Why are we specifying more Single User Toilets?

What are they?

Single user toilets are an all-in-one facility complete with a toilet pan and washbasin for use by either gender. They are fully enclosed from floor to ceiling for privacy and doors tend to open off a corridor or communal area to save space. I usually specify mirrors and bins to finish them off too but not normally urinals although am more than happy to do so should the customer require them.

I have listed the compelling reasons to opt for single user toilets below:

1. Space Saving

2. Cost Reduction

3. Pleasant Experience

4. Gender Equality


1. Space saving

While single user toilets increase the private space per cubicle, the reduction in communal area taken (circulation space around sinks is no longer required) reduces space taken up overall. It is the ideal option when a stylish, compact solution is required. Furthermore, fewer toilets are needed overall as the slack required can be shared. Thanks to their self-contained nature, individual cubicles can be sometimes be fitted into dead space around the building, subject to plumbing supply.

Below is a table produced by the HSE which shows how many single user toilets you should provide based upon the numbers of staff that you employ. If you employed 40 staff (20 male and 20 female), you would be required to provide either: 2no male toilets and 2no female toilets or 3no gender neutral facilities.

2. Cost Reduction

If you require less sanitaryware you will, quite simply, be reducing your costs. Furthermore, if you are renting premises, the less space you are paying for to be occupied by washrooms will be saving you money too. In many cases, it is possible to use simpler commodity items and reduce costs in this way too.


3. Pleasant Experience

The increased privacy and personal attention that you grant to your staff can only make for a more pleasant experience rather than giving them the feeling of being processed like animals in identical hutches. Furthermore, with the greater flexibility that single user toilets offer, you are less likely to be kept waiting for one to become available.

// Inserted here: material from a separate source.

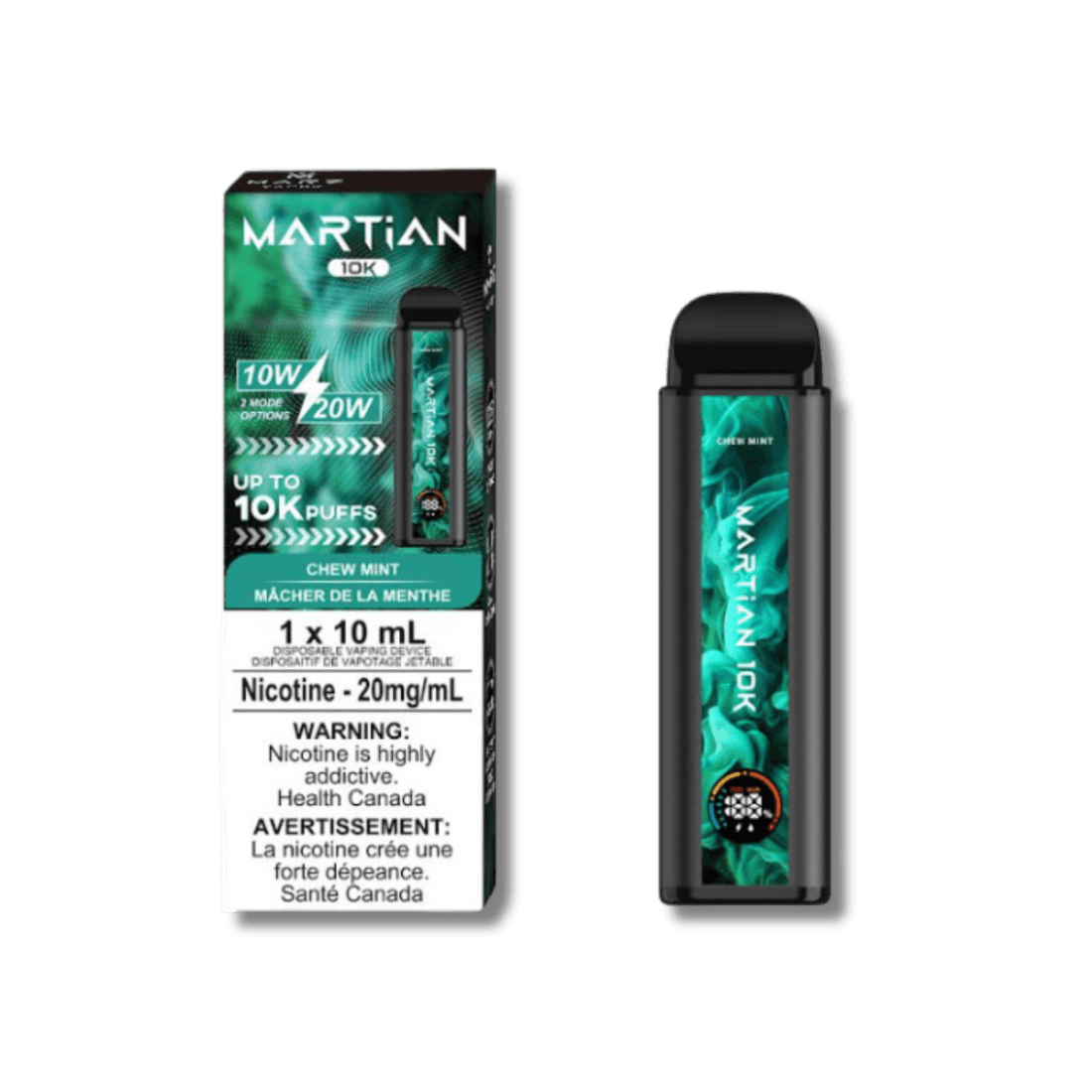 MARZ Martian 10K - Chew Mint - Vapor Shoppe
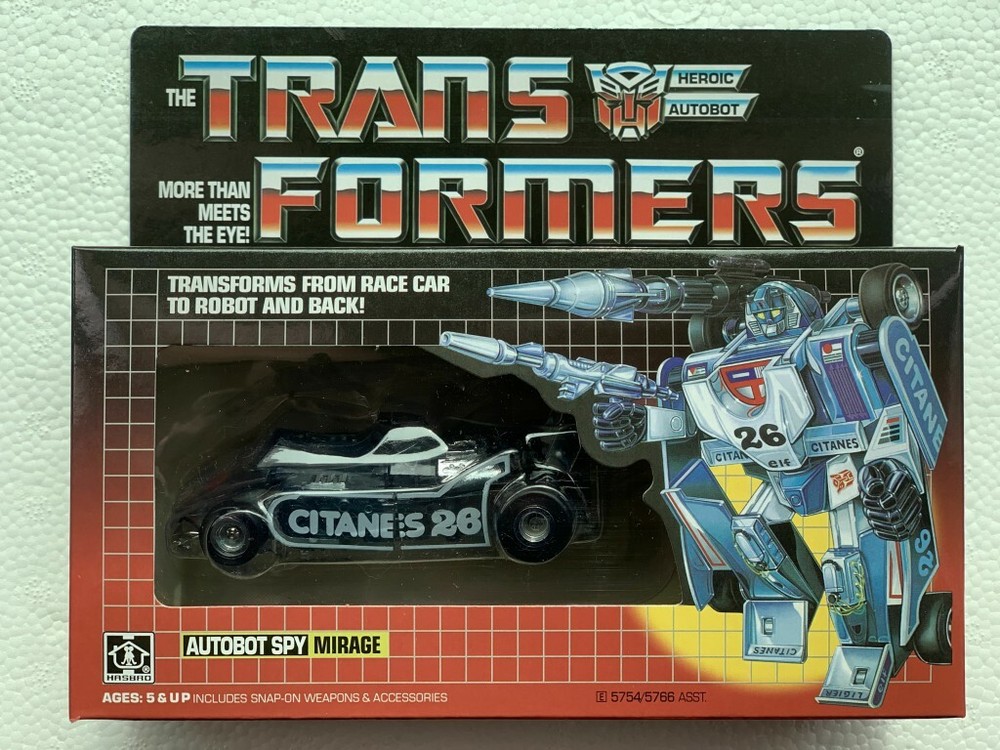 New arrival Transformers G1 Clear Black Mirage reissue Mint Gift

NP: In today’s busy world, a number of staff cycle into work and these facilities can be used for changing and a wash and brush up before business meetings/appointments. This helps to promote a healthier lifestyle without increasing square meterage occupied.


4. Gender Equality

With the topic of Gender equality particularly in focus at the moment after Iceland have just made it illegal to pay women less than men, the provision of single user toilets could be timely.

In public spaces, there is a practical advantage for parents to easily accompany children of the opposite gender to the toilet too. It reduces the likelihood of leaving them unattended.